There’s something mysterious happening in Iowa—a massive data center is going up, thought to be the home of a next-generation facility from Apple, Google, or another major provider.
The Planning and Zoning Commission of Altoona, a suburb of Des Moines, has approved a 25 percent bump in the proposed size of the three buildings scheduled for construction on the site. The mysterious company has expanded its building plans by nearly 300,000 square feet, for a total of 1.4 million square feet, reported the Des Moines Register.
To put this so-called “Project Catapult” in context, Facebook’s Prineville datacenter (as planned in 2010) totaled just over 300,000 square feet—even after the social network announced plans to double the facility’s size. Apple’s own facility in Prinevillle, which will be powered exclusively by renewable energy sources, will total about 338,000 square feet. And Apple’s Maiden, N.C. facility, one of the largest privately owned data facilities, covers 500,000 square feet and cost about $1 billion. Compare that to the original Altoona site plan, which called for one 350,000 square-foot building and two buildings at 380,000 square feet, and it’s clear something big is going on here.
Although the exact cost of the proposed data center is really not known, an Associated Press report from last November estimated it at $1.5 billion. Altoona was thought to be in competition with Oklahoma to host the facility.
And Catapult isn’t the only major, mysterious data center in the region. In February, state officials met with anonymous company representatives on Project Oasis, which will possibly result in a 150,000-square-foot facility in Altoona. The Des Moines Register reported officials didn’t know whether or not Oasis would be operated by a single company, or jointly owned. The value of the project also wasn’t known.

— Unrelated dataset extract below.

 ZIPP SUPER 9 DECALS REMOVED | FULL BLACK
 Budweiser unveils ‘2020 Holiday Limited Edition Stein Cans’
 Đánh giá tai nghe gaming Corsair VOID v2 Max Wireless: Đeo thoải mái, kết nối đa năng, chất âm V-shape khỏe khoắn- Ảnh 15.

Oasis is located to the east of the 200-acre Project Catapult site, and north of a $12.5 million, 17,000-square-foot data center that will be built out by Enseva, a colocation firm. According to Enseva, the company decided to build in Iowa because of its cool climate and low power costs, some of the lowest in the nation. Real estate is also cheap. Finally, natural disasters are a much more remote possibility in the region than earthquake-prone California (or even the East Coast, which is pounded by hurricanes on a semi-regular basis). Finally, major fiber hubs cross the state make communications more affordable.
So who owns Catapult? In November, city administrators told the Altoona town council that the Catapult owners are close to revealing themselves publicly. But so far, mum’s the word.